(Task input begins)
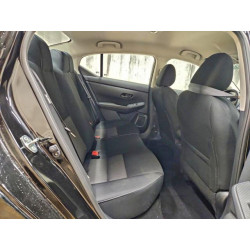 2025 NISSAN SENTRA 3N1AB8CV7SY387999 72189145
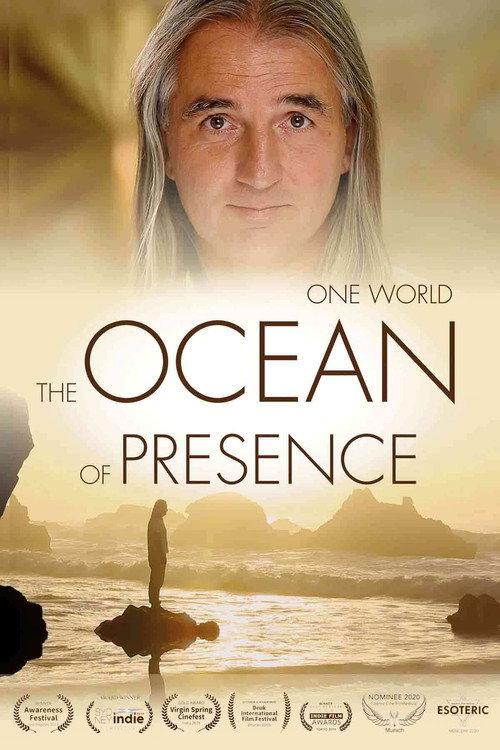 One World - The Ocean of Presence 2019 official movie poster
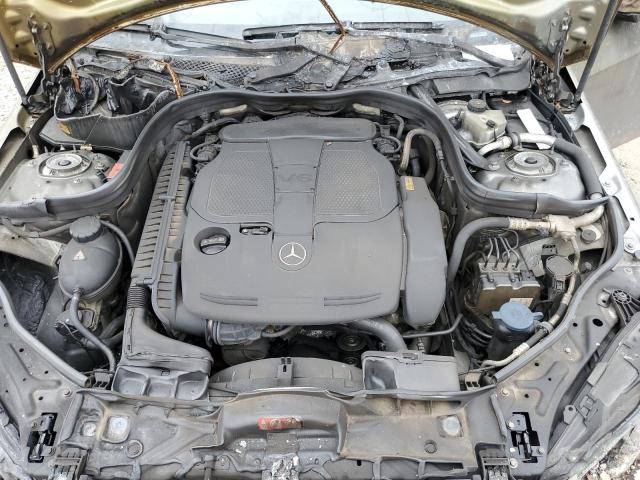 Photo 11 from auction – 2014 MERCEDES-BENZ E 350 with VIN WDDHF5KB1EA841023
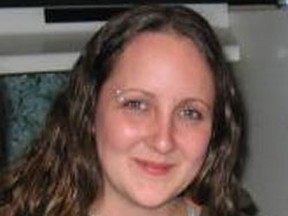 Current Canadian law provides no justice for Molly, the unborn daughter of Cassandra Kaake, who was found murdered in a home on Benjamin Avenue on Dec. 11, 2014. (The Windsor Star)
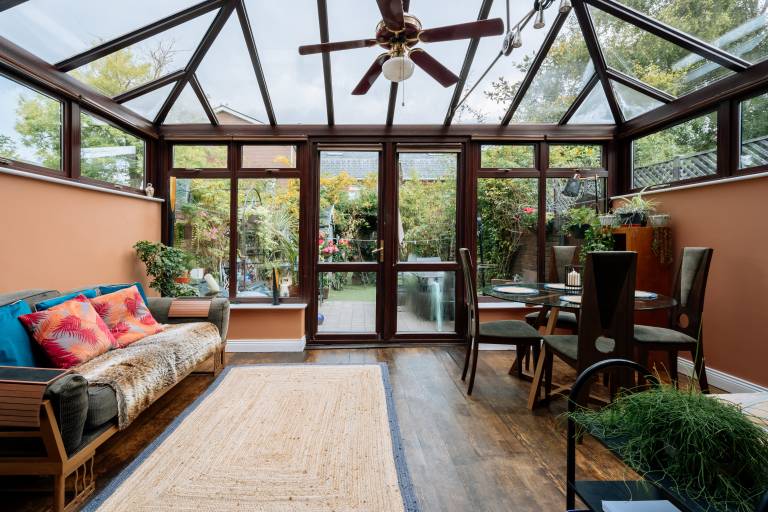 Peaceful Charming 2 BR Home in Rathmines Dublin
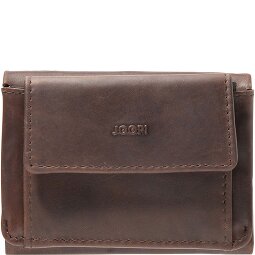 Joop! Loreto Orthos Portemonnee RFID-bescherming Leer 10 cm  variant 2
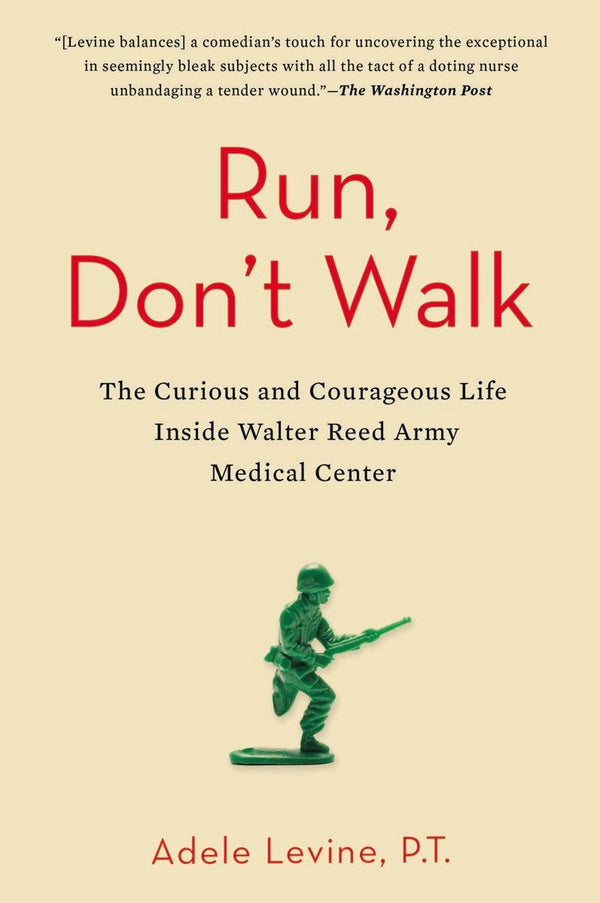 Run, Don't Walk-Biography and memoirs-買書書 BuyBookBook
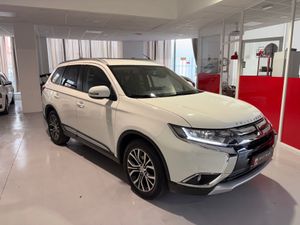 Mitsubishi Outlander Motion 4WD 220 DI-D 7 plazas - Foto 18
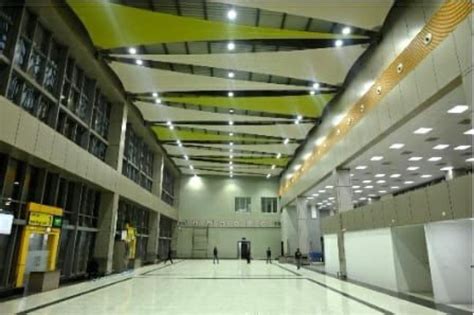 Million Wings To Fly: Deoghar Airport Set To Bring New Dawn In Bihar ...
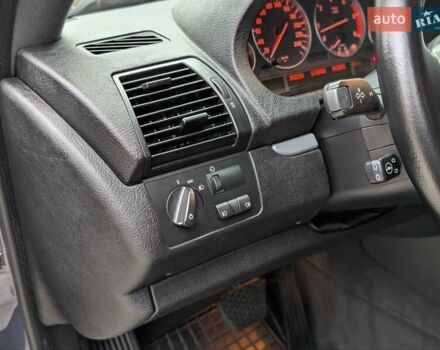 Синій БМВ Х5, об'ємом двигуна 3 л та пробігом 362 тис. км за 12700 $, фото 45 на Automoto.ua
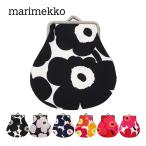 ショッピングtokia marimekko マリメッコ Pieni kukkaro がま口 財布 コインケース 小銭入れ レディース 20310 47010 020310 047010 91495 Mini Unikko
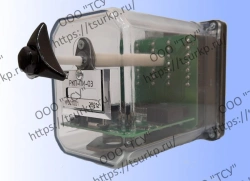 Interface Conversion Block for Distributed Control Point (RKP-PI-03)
(Task input ends)
(Task input begins)
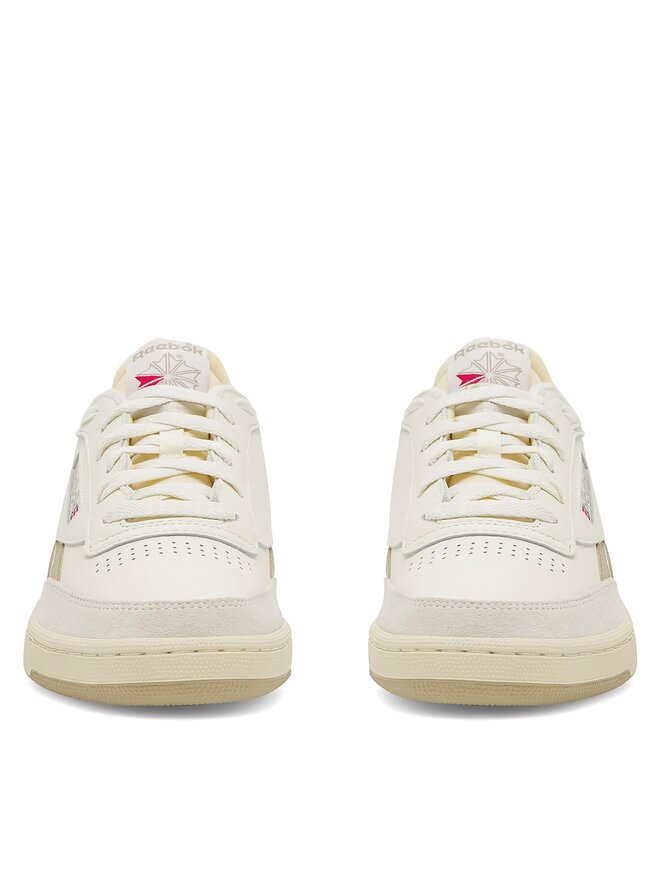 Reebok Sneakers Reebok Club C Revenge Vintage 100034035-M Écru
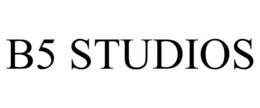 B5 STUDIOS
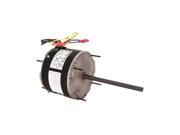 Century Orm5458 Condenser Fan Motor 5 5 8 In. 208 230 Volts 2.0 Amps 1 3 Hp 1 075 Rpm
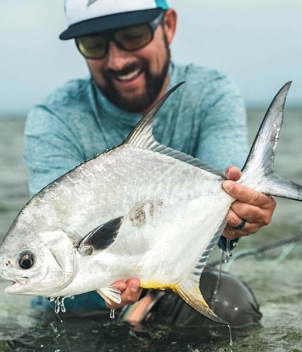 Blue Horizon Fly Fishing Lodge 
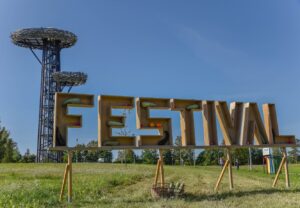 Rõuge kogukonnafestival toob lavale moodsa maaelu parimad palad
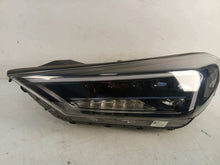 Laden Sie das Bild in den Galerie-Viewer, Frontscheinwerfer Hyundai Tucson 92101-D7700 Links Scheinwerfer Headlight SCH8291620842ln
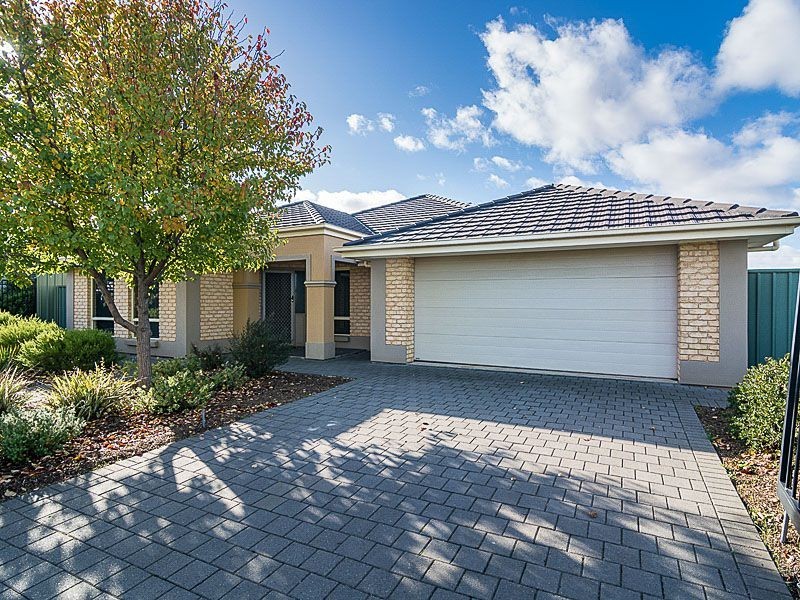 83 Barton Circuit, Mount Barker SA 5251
(Task input ends)
### [What needs to be done]
Please output the lines above beginning at the line with "2025 NISSAN SENTRA" and ending after the line with "Interface Conversion Block", precisely as written and with no pictures.

### [Expected answer]
 2025 NISSAN SENTRA 3N1AB8CV7SY387999 72189145
 One World - The Ocean of Presence 2019 official movie poster
 Photo 11 from auction – 2014 MERCEDES-BENZ E 350 with VIN WDDHF5KB1EA841023
 Current Canadian law provides no justice for Molly, the unborn daughter of Cassandra Kaake, who was found murdered in a home on Benjamin Avenue on Dec. 11, 2014. (The Windsor Star)
 Peaceful Charming 2 BR Home in Rathmines Dublin
 Joop! Loreto Orthos Portemonnee RFID-bescherming Leer 10 cm  variant 2
 Run, Don't Walk-Biography and memoirs-買書書 BuyBookBook
 Mitsubishi Outlander Motion 4WD 220 DI-D 7 plazas - Foto 18
 Million Wings To Fly: Deoghar Airport Set To Bring New Dawn In Bihar ...
 Синій БМВ Х5, об'ємом двигуна 3 л та пробігом 362 тис. км за 12700 $, фото 45 на Automoto.ua
 ショッピングtokia marimekko マリメッコ Pieni kukkaro がま口 財布 コインケース 小銭入れ レディース 20310 47010 020310 047010 91495 Mini Unikko
 Interface Conversion Block for Distributed Control Point (RKP-PI-03)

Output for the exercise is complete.